Please print only the top portion of the entries below, ending with the line that contains "Brow Lift Case", exactly as written.
[Given records]
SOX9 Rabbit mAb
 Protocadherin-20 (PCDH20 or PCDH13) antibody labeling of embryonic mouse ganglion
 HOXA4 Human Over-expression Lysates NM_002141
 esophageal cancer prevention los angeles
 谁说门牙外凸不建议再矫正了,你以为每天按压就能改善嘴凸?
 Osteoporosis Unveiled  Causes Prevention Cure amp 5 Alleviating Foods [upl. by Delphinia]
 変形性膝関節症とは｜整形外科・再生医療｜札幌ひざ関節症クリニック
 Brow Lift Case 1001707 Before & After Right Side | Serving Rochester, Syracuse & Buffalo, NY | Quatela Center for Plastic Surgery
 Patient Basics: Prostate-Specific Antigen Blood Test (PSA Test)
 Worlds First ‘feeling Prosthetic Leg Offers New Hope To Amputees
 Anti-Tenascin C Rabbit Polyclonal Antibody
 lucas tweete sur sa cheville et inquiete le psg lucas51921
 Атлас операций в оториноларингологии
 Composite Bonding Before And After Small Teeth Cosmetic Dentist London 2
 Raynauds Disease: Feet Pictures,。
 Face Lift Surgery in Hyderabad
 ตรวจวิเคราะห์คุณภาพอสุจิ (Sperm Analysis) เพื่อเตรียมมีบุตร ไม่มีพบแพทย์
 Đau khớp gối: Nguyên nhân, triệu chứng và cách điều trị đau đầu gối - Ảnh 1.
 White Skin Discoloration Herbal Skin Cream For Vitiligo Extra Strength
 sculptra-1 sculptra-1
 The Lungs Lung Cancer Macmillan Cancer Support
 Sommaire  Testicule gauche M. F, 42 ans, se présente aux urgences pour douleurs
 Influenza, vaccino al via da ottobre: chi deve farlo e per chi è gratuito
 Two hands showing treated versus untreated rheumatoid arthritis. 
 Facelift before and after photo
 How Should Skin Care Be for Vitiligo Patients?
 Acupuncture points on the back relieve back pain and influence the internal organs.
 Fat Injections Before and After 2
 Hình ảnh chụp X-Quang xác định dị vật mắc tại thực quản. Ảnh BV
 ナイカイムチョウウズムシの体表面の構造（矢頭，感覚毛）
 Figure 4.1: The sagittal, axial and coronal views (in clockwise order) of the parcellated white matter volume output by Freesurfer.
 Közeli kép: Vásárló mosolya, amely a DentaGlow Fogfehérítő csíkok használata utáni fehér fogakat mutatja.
[/Given records]
▶ **Solution**
SOX9 Rabbit mAb
 Protocadherin-20 (PCDH20 or PCDH13) antibody labeling of embryonic mouse ganglion
 HOXA4 Human Over-expression Lysates NM_002141
 esophageal cancer prevention los angeles
 谁说门牙外凸不建议再矫正了,你以为每天按压就能改善嘴凸?
 Osteoporosis Unveiled  Causes Prevention Cure amp 5 Alleviating Foods [upl. by Delphinia]
 変形性膝関節症とは｜整形外科・再生医療｜札幌ひざ関節症クリニック
 Brow Lift Case 1001707 Before & After Right Side | Serving Rochester, Syracuse & Buffalo, NY | Quatela Center for Plastic Surgery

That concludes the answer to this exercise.